**What is required**
The data needs to be returned in full, exactly as it reads.

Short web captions
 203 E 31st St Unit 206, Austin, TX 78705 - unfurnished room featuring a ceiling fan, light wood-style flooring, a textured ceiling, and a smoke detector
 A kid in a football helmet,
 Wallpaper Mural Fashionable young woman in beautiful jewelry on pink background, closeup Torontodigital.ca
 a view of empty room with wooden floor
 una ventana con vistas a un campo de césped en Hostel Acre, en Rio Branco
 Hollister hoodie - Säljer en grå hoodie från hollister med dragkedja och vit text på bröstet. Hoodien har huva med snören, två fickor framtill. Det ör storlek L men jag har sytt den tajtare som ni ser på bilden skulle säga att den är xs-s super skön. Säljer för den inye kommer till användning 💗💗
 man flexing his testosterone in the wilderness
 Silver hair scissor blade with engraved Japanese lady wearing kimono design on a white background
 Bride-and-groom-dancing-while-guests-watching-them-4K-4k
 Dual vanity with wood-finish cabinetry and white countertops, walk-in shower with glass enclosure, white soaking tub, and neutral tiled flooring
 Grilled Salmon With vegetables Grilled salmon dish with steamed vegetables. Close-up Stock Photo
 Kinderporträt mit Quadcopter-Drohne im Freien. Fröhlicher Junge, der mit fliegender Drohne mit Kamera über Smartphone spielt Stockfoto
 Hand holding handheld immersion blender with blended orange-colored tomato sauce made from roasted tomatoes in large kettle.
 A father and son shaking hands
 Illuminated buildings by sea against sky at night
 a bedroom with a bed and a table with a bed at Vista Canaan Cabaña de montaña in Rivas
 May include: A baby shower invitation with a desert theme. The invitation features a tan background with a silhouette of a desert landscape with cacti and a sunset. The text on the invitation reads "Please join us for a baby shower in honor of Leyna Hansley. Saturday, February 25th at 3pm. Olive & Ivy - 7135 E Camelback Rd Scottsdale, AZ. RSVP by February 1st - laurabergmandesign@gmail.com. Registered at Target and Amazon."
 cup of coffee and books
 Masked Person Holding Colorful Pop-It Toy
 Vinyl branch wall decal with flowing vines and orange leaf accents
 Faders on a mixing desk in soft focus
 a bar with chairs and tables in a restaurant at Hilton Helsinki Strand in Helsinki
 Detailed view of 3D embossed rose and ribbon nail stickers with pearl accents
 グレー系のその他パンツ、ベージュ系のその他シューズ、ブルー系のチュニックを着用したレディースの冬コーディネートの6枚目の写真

**Finished task**
 203 E 31st St Unit 206, Austin, TX 78705 - unfurnished room featuring a ceiling fan, light wood-style flooring, a textured ceiling, and a smoke detector
 A kid in a football helmet,
 Wallpaper Mural Fashionable young woman in beautiful jewelry on pink background, closeup Torontodigital.ca
 a view of empty room with wooden floor
 una ventana con vistas a un campo de césped en Hostel Acre, en Rio Branco
 Hollister hoodie - Säljer en grå hoodie från hollister med dragkedja och vit text på bröstet. Hoodien har huva med snören, två fickor framtill. Det ör storlek L men jag har sytt den tajtare som ni ser på bilden skulle säga att den är xs-s super skön. Säljer för den inye kommer till användning 💗💗
 man flexing his testosterone in the wilderness
 Silver hair scissor blade with engraved Japanese lady wearing kimono design on a white background
 Bride-and-groom-dancing-while-guests-watching-them-4K-4k
 Dual vanity with wood-finish cabinetry and white countertops, walk-in shower with glass enclosure, white soaking tub, and neutral tiled flooring
 Grilled Salmon With vegetables Grilled salmon dish with steamed vegetables. Close-up Stock Photo
 Kinderporträt mit Quadcopter-Drohne im Freien. Fröhlicher Junge, der mit fliegender Drohne mit Kamera über Smartphone spielt Stockfoto
 Hand holding handheld immersion blender with blended orange-colored tomato sauce made from roasted tomatoes in large kettle.
 A father and son shaking hands
 Illuminated buildings by sea against sky at night
 a bedroom with a bed and a table with a bed at Vista Canaan Cabaña de montaña in Rivas
 May include: A baby shower invitation with a desert theme. The invitation features a tan background with a silhouette of a desert landscape with cacti and a sunset. The text on the invitation reads "Please join us for a baby shower in honor of Leyna Hansley. Saturday, February 25th at 3pm. Olive & Ivy - 7135 E Camelback Rd Scottsdale, AZ. RSVP by February 1st - laurabergmandesign@gmail.com. Registered at Target and Amazon."
 cup of coffee and books
 Masked Person Holding Colorful Pop-It Toy
 Vinyl branch wall decal with flowing vines and orange leaf accents
 Faders on a mixing desk in soft focus
 a bar with chairs and tables in a restaurant at Hilton Helsinki Strand in Helsinki
 Detailed view of 3D embossed rose and ribbon nail stickers with pearl accents
 グレー系のその他パンツ、ベージュ系のその他シューズ、ブルー系のチュニックを着用したレディースの冬コーディネートの6枚目の写真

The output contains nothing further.